Inside Sabr Research's Data Infrastructure

Scalable Financial Data Collection and Processing

Written by Sabr Research · April 2025

In today's rapidly evolving financial landscape, the ability to efficiently collect, validate, and prepare data is paramount for maintaining a competitive edge within the Quant industry. At Sabr Research, we’ve developed a robust infrastructure for financial data collection and processing to orchestrate data ingestion from diverse sources, implement rigorous data quality checks, and prepare data for downstream machine learning models.

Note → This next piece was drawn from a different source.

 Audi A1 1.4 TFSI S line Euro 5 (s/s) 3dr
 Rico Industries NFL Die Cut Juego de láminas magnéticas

Scalability & Robustness from Day 1

When it comes to building data infrastructure, starting strong is non-negotiable. Scalability and robustness aren’t features you add on later - they’re principles that should guide design from the very beginning. By prioritizing scalable architecture from Day 1, you lay the groundwork for effortless expansion. Whether it's integrating new data sources, introducing additional validation checks, or layering in new analytical modules, a strong foundation ensures each new piece fits seamlessly into place. This is especially critical in fast-moving and changing environments. Too often, short-term optimizations lead to long-term technical debt. Quick fixes may feel efficient, but they come at the expense of flexibility down the road. We’ve chosen to build with the long view in mind—investing in clean architecture and thoughtful design now, so we’re not stuck paying down a costly mess later. We have used the AWS SDK stack to deploy our internal infrastructure-as-code setup not only to foster better collaboration within our team, but also to keep our systems organized and easy to grow. Creating a stack is simple, as shown here:


import * as cdk from 'aws-cdk-lib';
import * as lambda from 'aws-cdk-lib/aws-lambda';

export class DataPipelineStack extends cdk.Stack {
constructor(scope: cdk.Construct, id: string, props?: cdk.StackProps) {
super(scope, id, props);
# ... 
}
}

Resources can be created through the use of helper functions to make the stack modular and easy to update and maintain. For example, many standard market-related data, such as EOD prices and the latest market news, can be collected independently and in parallel using simple Lambda functions. These functions can be modularized by leveraging helper functions like:


const makeLambda = (
logicalId: string, 
name: string, 
cmd: string[], 
timeout: Duration, 
memorySize: number, 
envVars: { [key: string]: string }
) => {
return new lambda.DockerImageFunction(this, logicalId, {
functionName: name,
code: lambda.DockerImageCode.fromImageAsset('../', {
cmd: cmd,
}),
timeout: timeout, 
memorySize: memorySize,
environment: {
BUCKET_NAME: ...envVars, 
},
});
};

Our data pipeline is a complex system in which multiple stages and logical steps are chained to form the overall flow.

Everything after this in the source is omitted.